L’approche des prohibitionnistes est en général toute faite d’une pensée-slogan qui consiste à se plaindre du fait que : « ne pas interdire ces activités envoie un mauvais signal à la société ». Même si on admettait qu’elles soient par nature mauvaises, cette théorie de l’encouragement des activités non-interdites repose sur une compréhension désespérément simpliste de la psychologie humaine. C’est une banalité de le rappeler, mais un comportement légal n’est pas la même chose qu’un comportement encouragé ou valorisé par la société. En outre, la légalisation d’une consommation ou d’une pratique n’a pas nécessairement pour effet d’accroître le nombre de gens qui recourent à ladite consommation ou activité. C’est par exemple ce que montre cette étude sur la consommation de cannabis en Australie : 5 ans après la dépénalisation, la consommation n’a pas connu de variations significatives. En somme, ce n’est pas parce que je ne serais plus puni, demain, de faire telle chose, que cela va créer chez moi une motivation à faire ladite chose.
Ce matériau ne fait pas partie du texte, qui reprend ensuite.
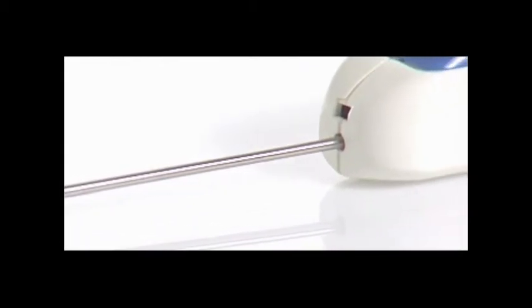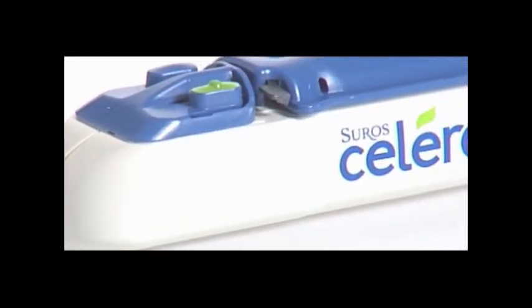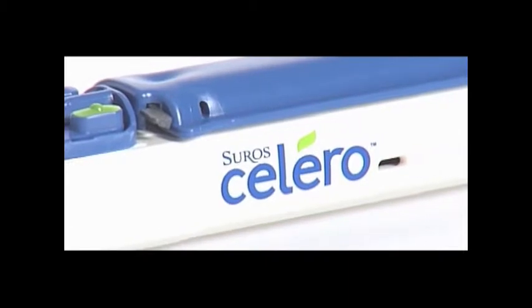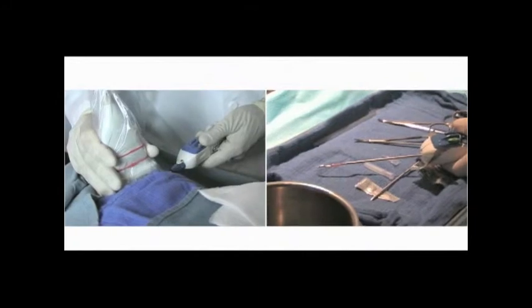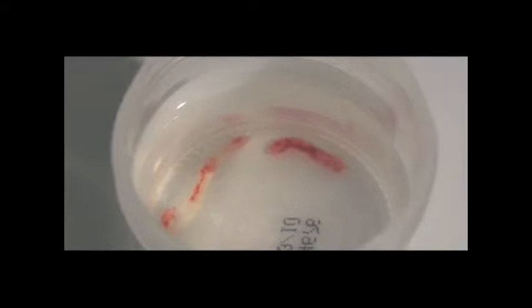The Suros Solero biopsy device is an FDA-cleared spring-loaded core device. The Solero is the first-ever fully disposable vacuum-assisted spring-loaded core device, providing better access to challenging lesions. Most clinicians are finding they require fewer tissue samples because of the larger tissue samples obtained using the Solero.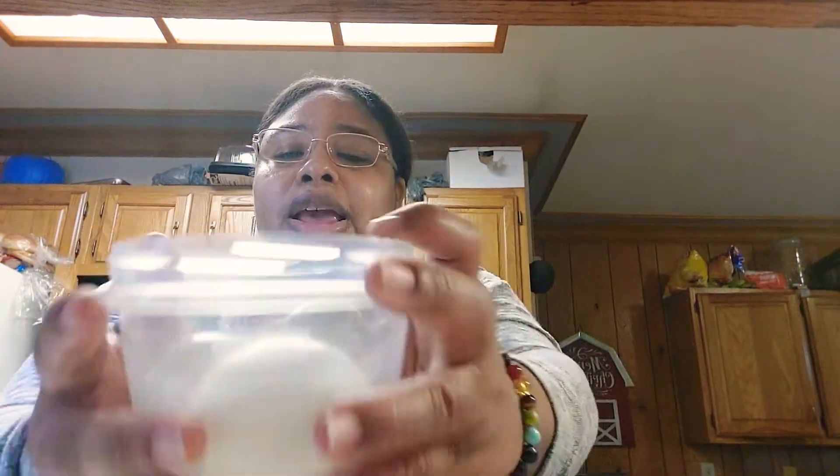45 minutes in boiling water — turn that heat off — then add cold water at the end for three minutes and let those eggs sit. Once you do that, pour your cold water out and you will have some nice looking boiled eggs.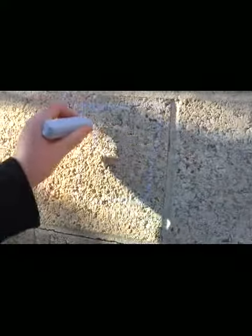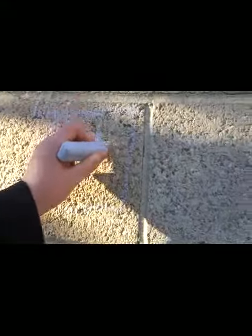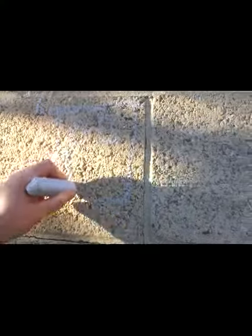Then you've got to make another line like that. Another line like that. And then finally another line like that. Now you've got to put WINDOWS. So, more lines. Lines. Lines.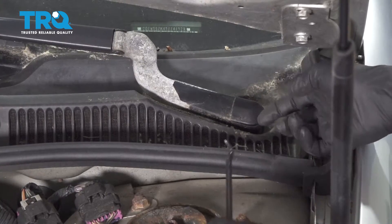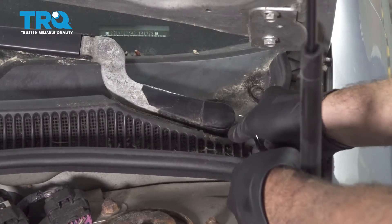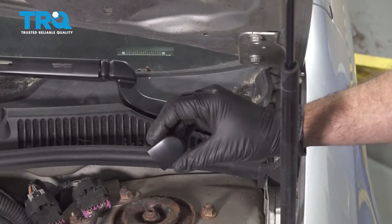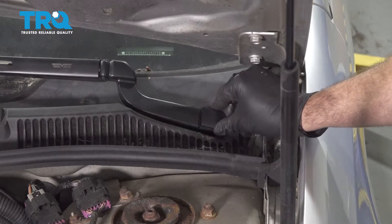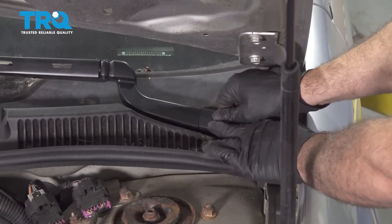Use a small pick to remove the cap. Just go under the edge here and gently pull upward. Once that pops off, you can go ahead and set that aside. Take the nut cap for the wiper arm, place it over the top, and press down evenly. Snap it into position.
Les paniques morales sur ces sujets paraissent donc bien à côté de la plaque. Et pourtant, rien de semble pouvoir faire entendre raison aux prohibitionnistes. Faut-il alors se résigner à échanger avec eux jusqu’à la fin des temps des quolibets rageurs par réseaux sociaux interposés ? Ou bien peut-on, à force de créativité philosophique, produire des arguments susceptibles de leur faire admettre que, tout compte fait, la criminalisation n’est pas la situation la plus conforme au bien de la société ?
Il me semble avoir enfin mis au point un argument de ce genre.
Je crois que toute personne raisonnable admettra que, toutes choses égales par ailleurs, nous vivrions dans un monde meilleur si moins d’hommes, de femmes et d’enfants étaient victimes d’agressions sexuelles et de viols.
Je crois que nous admettrions encore, même un peu à contrecœur, qu’il demeure préférable de supprimer certaines institutions dressées contre des maux de moindre importance, si cela pouvait permettre d’éviter ces maux majeurs que sont les agressions et les viols.
Or, la légalisation de la consultation de pornographie, comme celle de la prostitution, sont exactement conformes à ce schéma.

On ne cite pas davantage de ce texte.